Hawala Gains Dominance as Crypto Industry Suffers $2 billion Loss

TRM survey discovered the preference for cash or order alternatives of finance. The firm observed that hawala is gaining dominance, considering that an individual transfers money without corresponding physical movement. Its ease makes it the mode of choice to finance illicit activity and launder proceeds.  

TRM Labs disclosed that though illicit activity involving digital assets is rising, the cryptocurrency did not invent criminal forms. The firm illustrated that the crypto industry suffered a $2 billion loss, primarily stolen via attacks that targeted cross-chain bridges. Bitcoin accounted for an insignificant amount of the loss. 

Bitcoin Involvement in Illicit Financing Slips Below 20%

The report notes that the emergence of the multichain era has widespread ramifications for distributing illicit crypto. The study demonstrated that Bitcoin’s share of facilitating illicit transactions plunged from 97% in 2016 to account for 19% in 2022.  

TRM Labs survey showed that Bitcoin involvement in crypto hack volume nosedived from two-thirds in 2016 to slightly under 3% by 2022. The void left by Bitcoin involvement appears filled by Ethereum at 68%, with BNB Smart Chain at 19%. 

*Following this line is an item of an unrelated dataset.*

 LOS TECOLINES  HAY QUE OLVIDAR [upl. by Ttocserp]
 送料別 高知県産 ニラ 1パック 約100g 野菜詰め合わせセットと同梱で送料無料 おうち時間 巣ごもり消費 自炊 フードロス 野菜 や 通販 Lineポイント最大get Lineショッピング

TRM Labs claims that its research revealed the transformation of Bitcoin from an exclusive currency facilitating terrorist financing in 2016. A review of the 2022 cases shows Tron accounts for 92% of terrorist funding, thereby replacing Bitcoin.  

A recent trend reveals a 240% increment in Tether (USDT) utilization in terror financing organizations in 2022. Its sharp increase arises from USDT emerging as the dominant stablecoin in settling payments.

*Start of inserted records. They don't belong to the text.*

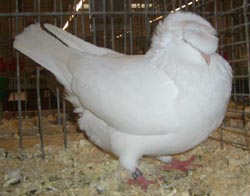 Franconian Trumpeter White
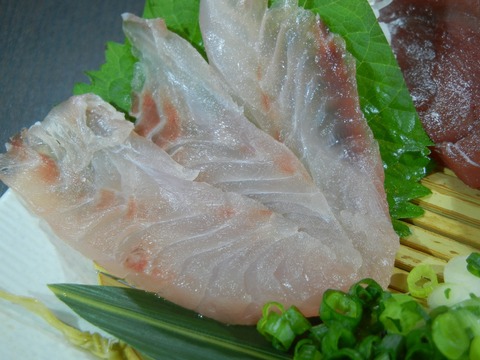 DSCN9087_いさき_1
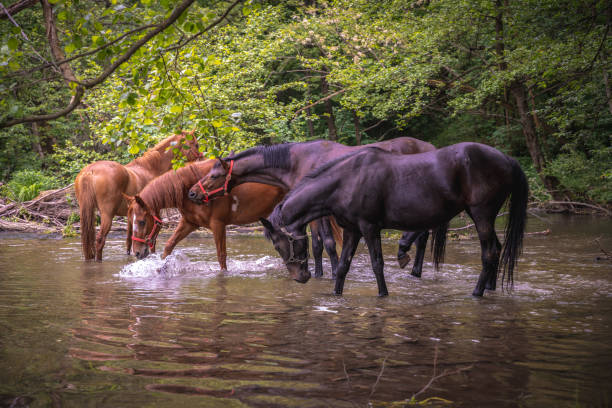 istock A herd of beautiful horses drinking water from river Gradac 1277767772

TRM Labs holds that the lower involvement of Bitcoin in illicit finance sheds brighter news for the leading crypto by market capitalization. The decline coincides with Bitcoin adoption by institutional investors on the rise. 

Pyramid and Ponzi Schemes Drain Billions of Crypto

The TRM Labs report estimates that over $7.8 billion worth of crypto was lost in the pyramid and Ponzi schemes. Further scrutiny shows that $1.5 billion was incurred on darknet markets involved in narcotics. Criminals who orchestrated DeFi hacks stole $3.7 billion during exploits executed in 2022. 

A previous publication by analytics firm Chainalysis illustrated that illicit crypto transactions were the highest in 2022. The firm reported that crypto value exceeding $20 billion was remitted to addresses involved in illegal activities in 2022.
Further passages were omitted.